# Input material:
================
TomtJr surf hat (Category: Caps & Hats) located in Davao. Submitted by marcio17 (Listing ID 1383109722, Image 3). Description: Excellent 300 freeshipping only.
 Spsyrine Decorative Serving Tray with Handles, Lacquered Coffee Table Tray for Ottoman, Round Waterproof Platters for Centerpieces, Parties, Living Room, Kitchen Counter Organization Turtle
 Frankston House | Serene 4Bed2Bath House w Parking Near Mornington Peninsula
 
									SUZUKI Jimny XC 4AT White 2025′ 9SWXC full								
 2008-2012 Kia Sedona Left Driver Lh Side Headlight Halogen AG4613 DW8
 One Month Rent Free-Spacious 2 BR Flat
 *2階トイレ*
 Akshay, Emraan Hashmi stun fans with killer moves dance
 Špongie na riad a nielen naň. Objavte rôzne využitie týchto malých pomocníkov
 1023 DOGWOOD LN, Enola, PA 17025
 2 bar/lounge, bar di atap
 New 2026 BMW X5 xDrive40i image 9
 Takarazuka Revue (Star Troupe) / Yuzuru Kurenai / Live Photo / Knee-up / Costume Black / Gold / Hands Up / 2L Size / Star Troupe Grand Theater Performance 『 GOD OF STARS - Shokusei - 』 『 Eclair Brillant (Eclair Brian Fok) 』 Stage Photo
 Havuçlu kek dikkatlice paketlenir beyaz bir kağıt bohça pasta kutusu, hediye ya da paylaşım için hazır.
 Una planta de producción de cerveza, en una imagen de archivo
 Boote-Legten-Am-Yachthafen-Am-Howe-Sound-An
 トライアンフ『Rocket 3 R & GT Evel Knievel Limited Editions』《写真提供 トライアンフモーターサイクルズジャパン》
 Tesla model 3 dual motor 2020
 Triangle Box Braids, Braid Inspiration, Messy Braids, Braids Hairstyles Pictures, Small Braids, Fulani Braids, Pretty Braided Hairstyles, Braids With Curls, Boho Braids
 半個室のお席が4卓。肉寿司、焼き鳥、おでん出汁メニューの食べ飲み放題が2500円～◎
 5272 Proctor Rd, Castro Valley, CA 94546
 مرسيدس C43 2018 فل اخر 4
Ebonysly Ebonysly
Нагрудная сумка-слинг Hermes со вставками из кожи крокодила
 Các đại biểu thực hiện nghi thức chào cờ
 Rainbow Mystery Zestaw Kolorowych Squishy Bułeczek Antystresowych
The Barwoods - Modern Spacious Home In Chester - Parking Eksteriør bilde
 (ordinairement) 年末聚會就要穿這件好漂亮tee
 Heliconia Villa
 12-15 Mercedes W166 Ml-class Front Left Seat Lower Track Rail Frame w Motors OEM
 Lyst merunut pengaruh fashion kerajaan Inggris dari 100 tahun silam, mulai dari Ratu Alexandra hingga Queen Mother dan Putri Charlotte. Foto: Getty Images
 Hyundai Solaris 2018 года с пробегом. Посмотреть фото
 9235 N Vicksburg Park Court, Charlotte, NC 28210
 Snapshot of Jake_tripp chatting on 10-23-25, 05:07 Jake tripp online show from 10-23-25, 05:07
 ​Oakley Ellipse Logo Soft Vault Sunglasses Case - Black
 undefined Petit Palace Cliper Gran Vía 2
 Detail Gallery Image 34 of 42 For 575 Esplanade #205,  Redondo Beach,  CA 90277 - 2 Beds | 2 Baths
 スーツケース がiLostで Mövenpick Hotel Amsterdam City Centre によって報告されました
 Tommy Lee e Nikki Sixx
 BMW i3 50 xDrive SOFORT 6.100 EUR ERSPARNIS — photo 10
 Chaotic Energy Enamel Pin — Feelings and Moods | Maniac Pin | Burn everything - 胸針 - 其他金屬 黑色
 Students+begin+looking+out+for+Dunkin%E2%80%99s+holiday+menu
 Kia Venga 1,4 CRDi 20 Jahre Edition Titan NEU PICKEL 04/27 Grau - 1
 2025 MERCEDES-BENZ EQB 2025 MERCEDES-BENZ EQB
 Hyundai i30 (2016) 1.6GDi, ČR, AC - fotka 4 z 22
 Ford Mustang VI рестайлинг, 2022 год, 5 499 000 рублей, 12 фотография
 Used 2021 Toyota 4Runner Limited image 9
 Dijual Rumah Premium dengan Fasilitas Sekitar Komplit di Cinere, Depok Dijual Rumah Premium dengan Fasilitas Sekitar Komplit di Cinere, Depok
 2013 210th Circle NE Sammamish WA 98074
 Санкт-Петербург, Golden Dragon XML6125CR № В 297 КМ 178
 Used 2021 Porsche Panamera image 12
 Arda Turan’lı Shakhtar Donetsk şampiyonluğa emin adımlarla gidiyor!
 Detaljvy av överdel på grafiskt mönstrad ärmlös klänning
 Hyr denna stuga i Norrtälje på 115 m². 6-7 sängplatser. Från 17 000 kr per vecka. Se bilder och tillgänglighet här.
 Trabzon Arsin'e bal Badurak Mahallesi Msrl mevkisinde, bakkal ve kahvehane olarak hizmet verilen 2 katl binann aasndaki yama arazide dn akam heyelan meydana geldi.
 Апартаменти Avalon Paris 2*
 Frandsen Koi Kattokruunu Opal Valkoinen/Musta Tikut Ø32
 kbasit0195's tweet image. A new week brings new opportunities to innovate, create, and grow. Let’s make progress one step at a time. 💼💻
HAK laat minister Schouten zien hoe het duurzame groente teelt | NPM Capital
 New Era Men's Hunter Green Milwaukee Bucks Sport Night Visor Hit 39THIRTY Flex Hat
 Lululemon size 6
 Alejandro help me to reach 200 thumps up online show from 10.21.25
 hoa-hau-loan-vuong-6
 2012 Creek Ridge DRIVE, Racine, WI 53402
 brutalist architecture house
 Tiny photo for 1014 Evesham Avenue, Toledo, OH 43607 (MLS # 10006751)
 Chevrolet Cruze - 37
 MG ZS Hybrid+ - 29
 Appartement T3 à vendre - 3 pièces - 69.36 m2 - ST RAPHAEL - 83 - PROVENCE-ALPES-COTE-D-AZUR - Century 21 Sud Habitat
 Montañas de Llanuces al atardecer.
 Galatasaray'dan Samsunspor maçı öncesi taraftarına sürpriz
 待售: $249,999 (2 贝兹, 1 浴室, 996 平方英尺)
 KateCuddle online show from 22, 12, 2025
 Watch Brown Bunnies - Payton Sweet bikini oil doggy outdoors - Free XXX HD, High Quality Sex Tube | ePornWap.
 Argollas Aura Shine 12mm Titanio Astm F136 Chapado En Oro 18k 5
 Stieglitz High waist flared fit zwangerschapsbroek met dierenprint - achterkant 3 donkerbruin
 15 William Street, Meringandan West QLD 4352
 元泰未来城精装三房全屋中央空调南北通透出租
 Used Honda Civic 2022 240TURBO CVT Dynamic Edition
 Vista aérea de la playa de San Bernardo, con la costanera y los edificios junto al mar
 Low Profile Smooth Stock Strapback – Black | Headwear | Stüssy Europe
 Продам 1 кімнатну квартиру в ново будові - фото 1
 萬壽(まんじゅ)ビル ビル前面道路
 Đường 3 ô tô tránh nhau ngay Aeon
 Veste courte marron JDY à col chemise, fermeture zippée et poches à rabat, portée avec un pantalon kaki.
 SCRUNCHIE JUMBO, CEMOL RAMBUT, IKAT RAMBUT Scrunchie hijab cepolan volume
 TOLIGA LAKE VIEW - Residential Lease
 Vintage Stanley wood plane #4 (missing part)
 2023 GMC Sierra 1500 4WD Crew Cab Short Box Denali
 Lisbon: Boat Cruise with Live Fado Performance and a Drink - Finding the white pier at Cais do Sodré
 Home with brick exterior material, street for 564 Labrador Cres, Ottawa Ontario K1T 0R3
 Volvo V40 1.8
================
# Work item:
Please copy, exactly and with nothing else, the lines above beginning at the line that has "Tiny photo for" and ending with the line that has "15 William Street, Meringandan West QLD 4352".

# Solved exercise:
 Tiny photo for 1014 Evesham Avenue, Toledo, OH 43607 (MLS # 10006751)
 Chevrolet Cruze - 37
 MG ZS Hybrid+ - 29
 Appartement T3 à vendre - 3 pièces - 69.36 m2 - ST RAPHAEL - 83 - PROVENCE-ALPES-COTE-D-AZUR - Century 21 Sud Habitat
 Montañas de Llanuces al atardecer.
 Galatasaray'dan Samsunspor maçı öncesi taraftarına sürpriz
 待售: $249,999 (2 贝兹, 1 浴室, 996 平方英尺)
 KateCuddle online show from 22, 12, 2025
 Watch Brown Bunnies - Payton Sweet bikini oil doggy outdoors - Free XXX HD, High Quality Sex Tube | ePornWap.
 Argollas Aura Shine 12mm Titanio Astm F136 Chapado En Oro 18k 5
 Stieglitz High waist flared fit zwangerschapsbroek met dierenprint - achterkant 3 donkerbruin
 15 William Street, Meringandan West QLD 4352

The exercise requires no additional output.